The Atlantic Coast Pipeline isn’t the only multibillion-dollar project that has been stopped after an appeals court ruled that federal agencies had neglected to follow their own rules. The Mountain Valley Pipeline, a 300-mile-long pipeline that will run from Northern West Virginia into Virginia, also was temporarily halted last year after the court said the Forest Service and the Bureau of Land Management ignored rules that protect rivers and forests. That pipeline also is under federal investigation for possible violations of the Clean Water Act. Construction is still underway, with a targeted completion by the end of this year.

A review last year by the Gazette-Mail and ProPublica showed how federal and state agencies tasked with enforcing the nation’s environmental laws repeatedly cleared roadblocks and expedited natural gas projects like the Mountain Valley and Atlantic Coast pipelines.

“It concerns me that, even with all the consequences we’ve seen because of this hasty process or shortcutting process, we still have a resolution where they’re pushing it aside and saying, ‘As quickly as possible, let’s get this done,’” Rosser said. “That remains distressing and really not considering the communities and peoples’ properties being damaged when laws are skirted.”

A Resolution Two Months in the Making

According to records obtained by the Gazette-Mail, the groundwork for the resolution began in January.

On Jan. 8, a day before the regular legislative session resumed, Orndorff stood in front of the Joint Committee on Natural Gas Developmentin a Senate committee room.

He had a request.

“I think it’s important for the Legislature to stand up to these rogue environmental groups to say, ‘You’re going to impact our economy in West Virginia, you’re going to impact job growth in West Virginia,’” Orndorff said, referring to the citizens’ groups that had challenged the Forest Service and Fish and Wildlife in federal court.

“Do a resolution supporting condemning them,” Orndorff said. “I think it’s important for West Virginia to go on record that the end result of their tactics hurt the state economy of West Virginia.”

A simple resolution, like House Resolution 11, is read over once before it’s adopted or rejected, and it doesn’t require action by the other house or the governor.
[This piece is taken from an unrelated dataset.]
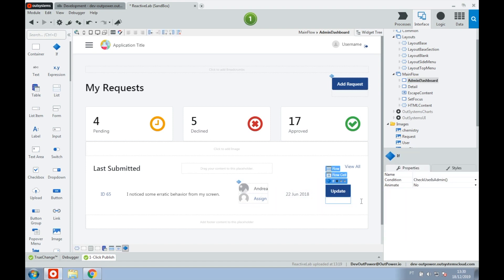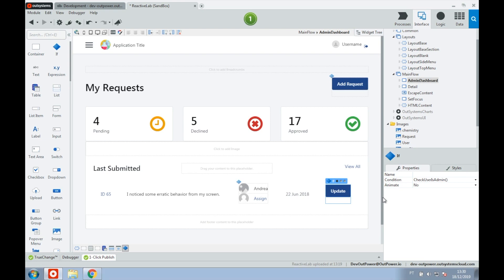The button is wrapped by an if, it calls our client action to check if it is admin. So if our user is admin, the button is shown, but if it's not, it's hidden. The same thing happens for the add request button on top.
A bill, on the other hand, is formally introduced in the House or Senate before it’s considered in committees, read three times and sent to the other house where it’s subject to the same process. It can also be vetoed by the governor.

A few hours after the committee meeting, Orndorff sent an email to two staffers and another Dominion lobbyist with a note: “Attached is the resolution” we “spoke about today” and a copy of his draft, dated Jan. 7 — the day before he presented to the joint committee.

The resolution he wrote said the Legislature “categorically condemns these irrational, counterproductive and economically damaging assaults on the Atlantic Coast Pipeline and other urgently needed energy infrastructure” and said “some extremist environmental groups have launched an all-our [sic] assault on the Atlantic Coast Pipeline project, with the ultimate aim of forcing its cancellation.”

Almost three weeks later, Robert Akers, the chief lawyer for the House Energy Committee and staff on the Joint Committee, wrote back to Orndorff. The resolution draft Akers sent wasalmost identical to Orndorff’s first draft.

On the night the resolution was considered, which was one night after the luncheon Orndorff hosted for the House Energy Committee, Hansen, the delegate who opposed it, contrasted this resolution with one read right before. The other resolution, adopted on a voice vote without any debate, recognized “the importance of West Virginia’s energy resources and critical energy infrastructure to support economic development and national security.”

Hansen, who is an environmental scientist, didn’t have any problem with the message or language of the other bill, he later said.

As for House Resolution 11, he said: “I just thought this was such an irresponsible issue, I had no choice but to speak up. It was essentially the legislative branch saying we don’t want pipeline companies to follow the law, and that’s a very irresponsible stance for the Legislature to take.”

“The real attack is in the resolution itself,” Delegate John Doyle, D-Jefferson, said on the floor.

Delegate Andrew Byrd, D-Kanawha, voted for the resolution. He said he didn’t realize Orndorff wrote it.

“Ideas can come from your constituents, but drafting is usually put together by a delegate and reviewed by a delegate,” Byrd said. “I’m kind of shocked to hear that” the resolution was drafted by a lobbyist.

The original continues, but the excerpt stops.